This should be done regardless of whether an outside Monitor is imposed as part of the settlement agreement. As part of a Monitor’s efforts to verify an organization’s compliance with the terms of a settlement agreement, a Monitor will track, test and report on an organization’s actions, but cannot participate in those efforts. A Monitor may and should provide guidance to an organization about its efforts, but it would compromise the Monitor’s independence if, for example, the Monitor drafted policies, conducted trainings or otherwise participated in designing or implementing the remedial measures that the Monitor would then be responsible for verifying the effectiveness of to the government. Compliance or non-compliance with its settlement agreement obligations rests solely upon the organization’s shoulders.

While the Compliance Officer may seem a good fit for such a project leader/manager role, because many of the remedial measures required by the settlement agreement may fall under the Compliance Officer’s responsibilities, someone more independent of those responsibilities might be considered. This is not at all to say that the Compliance Officer should never fill such a role, only that consideration should be given to whether or not the independence of the Compliance Officer in verifying to the organization’s management the timeliness and effectiveness of their own actions pursuant to the settlement agreement might be compromised, either in fact or by perception.

The presence of an outside Monitor has a significant impact in this regard and in many instances where a Monitor is imposed, the Compliance Officer is a perfectly appropriate, even preferable choice for this role. Without an imposed Monitor, as is seen in quality Compliance Programs where Internal Audit plays a role in verifying and reporting back to management on a Compliance Officer’s achievements against their yearly Compliance Plans, Internal Audit may provide the organization’s management with a more independent assessment of the organization’s timely and effective compliance with their settlement agreement obligations.

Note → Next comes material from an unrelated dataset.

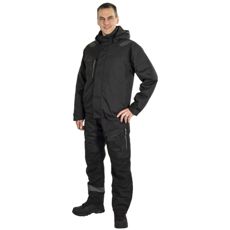 Sort vinterbukser Fremont, ideelle til arbejde i kolde forhold.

Depending on such factors as resources, level of independence sought, expertise, the requirement of an outside Monitor, etc., an organization may also consider bringing in an outside professional to track, assure and report to management on the organization’s compliance with its settlement agreement. This person may act in a capacity very similar to that of an imposed Monitor, but the organization would exercise a much greater degree of control over their scope and fees and the extent to which they could leverage the organization’s internal resources. Moreover, the organization could empower such a person to design remedial measures, affect change and take actions on behalf of the organization that an imposed Monitor cannot do because of their strict independence requirements.

This is among the greatest causes of disorder among many organizations in their post-settlement actions, who by fracturing this responsibility jeopardize their ability to timely, effectively and fully comply with their settlement agreement obligations, as well as management’s ability to exercise oversight of it. One person, appropriately empowered, enabled and accountable, brings order to the situation and minimizes these risks. In performing this role, such a person should design a workplan that identifies everything that the organization is required to do (and elects to do) and be responsible for assuring that everything is completed timely and effectively, as well as documented and appropriately reported.

Pass or Fail Another significant and common contributor to post traumatic settlement disorder is a tendency by some organizations to focus on meeting the “letter” of its settlement agreement obligations and not the “spirit.” Compliance with the terms of a settlement agreement should not be viewed as a “check the box” exercise.

The government takes a dim view of organizations that have compliance programs that “live on a shelf” and may penalize more harshly such organizations than those who have no compliance program at all. Similarly, if the efforts of an organization to comply with their settlement agreement obligations exist on paper and not in practice, the organization assumes a grave risk.

One of the primary goals of the government in requiring certain post-settlement actions by an organization is the institution of an effective Compliance and Ethics Program and internal controls aimed at reducing the risk of recurrence of the same or similar misconduct as that which led to the settlement agreement. Accordingly, how quickly the organization meets its obligations and, more importantly, the effectiveness of its efforts in doing so, are of tremendous importance.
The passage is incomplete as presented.